Starting at the first line and ending at the last, reproduce the records below exactly.

(Entries taken from a collection)
*** Block opens ***

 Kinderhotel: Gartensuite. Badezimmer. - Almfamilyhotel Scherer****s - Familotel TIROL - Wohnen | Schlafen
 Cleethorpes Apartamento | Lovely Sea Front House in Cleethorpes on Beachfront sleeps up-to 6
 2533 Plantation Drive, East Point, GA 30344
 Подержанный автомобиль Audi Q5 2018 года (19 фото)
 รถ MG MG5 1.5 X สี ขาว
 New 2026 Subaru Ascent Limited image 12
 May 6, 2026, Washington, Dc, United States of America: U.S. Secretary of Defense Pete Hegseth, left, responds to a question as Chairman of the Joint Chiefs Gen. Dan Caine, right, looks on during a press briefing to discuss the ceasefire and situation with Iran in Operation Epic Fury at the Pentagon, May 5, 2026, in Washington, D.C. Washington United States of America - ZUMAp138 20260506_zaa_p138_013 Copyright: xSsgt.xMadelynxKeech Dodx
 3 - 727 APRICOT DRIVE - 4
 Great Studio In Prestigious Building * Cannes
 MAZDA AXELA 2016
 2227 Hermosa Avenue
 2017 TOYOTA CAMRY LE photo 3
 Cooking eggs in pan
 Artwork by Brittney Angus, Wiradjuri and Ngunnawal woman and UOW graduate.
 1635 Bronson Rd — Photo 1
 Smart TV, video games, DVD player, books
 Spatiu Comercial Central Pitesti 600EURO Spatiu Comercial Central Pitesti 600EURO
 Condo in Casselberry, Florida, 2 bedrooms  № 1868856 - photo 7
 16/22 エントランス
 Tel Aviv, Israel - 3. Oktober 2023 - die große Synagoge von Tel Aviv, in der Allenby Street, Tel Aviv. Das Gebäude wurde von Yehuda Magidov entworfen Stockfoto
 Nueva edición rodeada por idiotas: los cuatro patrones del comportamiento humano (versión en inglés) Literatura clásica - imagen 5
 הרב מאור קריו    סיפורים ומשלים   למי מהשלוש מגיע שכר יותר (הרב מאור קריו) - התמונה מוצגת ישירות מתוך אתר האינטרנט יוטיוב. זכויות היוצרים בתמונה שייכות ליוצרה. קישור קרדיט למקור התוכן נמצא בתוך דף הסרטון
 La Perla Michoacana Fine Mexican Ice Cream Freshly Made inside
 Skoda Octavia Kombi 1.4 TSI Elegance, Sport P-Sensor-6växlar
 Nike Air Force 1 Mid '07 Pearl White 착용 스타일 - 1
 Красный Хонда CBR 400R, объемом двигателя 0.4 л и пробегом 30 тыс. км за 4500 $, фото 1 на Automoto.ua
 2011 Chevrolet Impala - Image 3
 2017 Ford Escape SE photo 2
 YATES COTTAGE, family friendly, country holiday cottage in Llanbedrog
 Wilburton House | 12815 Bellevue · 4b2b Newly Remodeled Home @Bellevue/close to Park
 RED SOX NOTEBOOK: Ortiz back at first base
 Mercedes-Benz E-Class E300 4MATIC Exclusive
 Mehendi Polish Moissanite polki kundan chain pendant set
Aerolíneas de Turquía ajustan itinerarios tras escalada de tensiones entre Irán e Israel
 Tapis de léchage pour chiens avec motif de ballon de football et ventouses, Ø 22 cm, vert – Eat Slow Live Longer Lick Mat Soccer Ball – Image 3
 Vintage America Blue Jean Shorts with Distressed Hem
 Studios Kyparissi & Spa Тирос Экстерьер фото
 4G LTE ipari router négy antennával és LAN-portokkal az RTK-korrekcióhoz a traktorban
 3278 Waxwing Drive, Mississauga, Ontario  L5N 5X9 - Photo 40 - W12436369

*** Block closes ***

Exercise output
 Kinderhotel: Gartensuite. Badezimmer. - Almfamilyhotel Scherer****s - Familotel TIROL - Wohnen | Schlafen
 Cleethorpes Apartamento | Lovely Sea Front House in Cleethorpes on Beachfront sleeps up-to 6
 2533 Plantation Drive, East Point, GA 30344
 Подержанный автомобиль Audi Q5 2018 года (19 фото)
 รถ MG MG5 1.5 X สี ขาว
 New 2026 Subaru Ascent Limited image 12
 May 6, 2026, Washington, Dc, United States of America: U.S. Secretary of Defense Pete Hegseth, left, responds to a question as Chairman of the Joint Chiefs Gen. Dan Caine, right, looks on during a press briefing to discuss the ceasefire and situation with Iran in Operation Epic Fury at the Pentagon, May 5, 2026, in Washington, D.C. Washington United States of America - ZUMAp138 20260506_zaa_p138_013 Copyright: xSsgt.xMadelynxKeech Dodx
 3 - 727 APRICOT DRIVE - 4
 Great Studio In Prestigious Building * Cannes
 MAZDA AXELA 2016
 2227 Hermosa Avenue
 2017 TOYOTA CAMRY LE photo 3
 Cooking eggs in pan
 Artwork by Brittney Angus, Wiradjuri and Ngunnawal woman and UOW graduate.
 1635 Bronson Rd — Photo 1
 Smart TV, video games, DVD player, books
 Spatiu Comercial Central Pitesti 600EURO Spatiu Comercial Central Pitesti 600EURO
 Condo in Casselberry, Florida, 2 bedrooms  № 1868856 - photo 7
 16/22 エントランス
 Tel Aviv, Israel - 3. Oktober 2023 - die große Synagoge von Tel Aviv, in der Allenby Street, Tel Aviv. Das Gebäude wurde von Yehuda Magidov entworfen Stockfoto
 Nueva edición rodeada por idiotas: los cuatro patrones del comportamiento humano (versión en inglés) Literatura clásica - imagen 5
 הרב מאור קריו    סיפורים ומשלים   למי מהשלוש מגיע שכר יותר (הרב מאור קריו) - התמונה מוצגת ישירות מתוך אתר האינטרנט יוטיוב. זכויות היוצרים בתמונה שייכות ליוצרה. קישור קרדיט למקור התוכן נמצא בתוך דף הסרטון
 La Perla Michoacana Fine Mexican Ice Cream Freshly Made inside
 Skoda Octavia Kombi 1.4 TSI Elegance, Sport P-Sensor-6växlar
 Nike Air Force 1 Mid '07 Pearl White 착용 스타일 - 1
 Красный Хонда CBR 400R, объемом двигателя 0.4 л и пробегом 30 тыс. км за 4500 $, фото 1 на Automoto.ua
 2011 Chevrolet Impala - Image 3
 2017 Ford Escape SE photo 2
 YATES COTTAGE, family friendly, country holiday cottage in Llanbedrog
 Wilburton House | 12815 Bellevue · 4b2b Newly Remodeled Home @Bellevue/close to Park
 RED SOX NOTEBOOK: Ortiz back at first base
 Mercedes-Benz E-Class E300 4MATIC Exclusive
 Mehendi Polish Moissanite polki kundan chain pendant set
Aerolíneas de Turquía ajustan itinerarios tras escalada de tensiones entre Irán e Israel
 Tapis de léchage pour chiens avec motif de ballon de football et ventouses, Ø 22 cm, vert – Eat Slow Live Longer Lick Mat Soccer Ball – Image 3
 Vintage America Blue Jean Shorts with Distressed Hem
 Studios Kyparissi & Spa Тирос Экстерьер фото
 4G LTE ipari router négy antennával és LAN-portokkal az RTK-korrekcióhoz a traktorban
 3278 Waxwing Drive, Mississauga, Ontario  L5N 5X9 - Photo 40 - W12436369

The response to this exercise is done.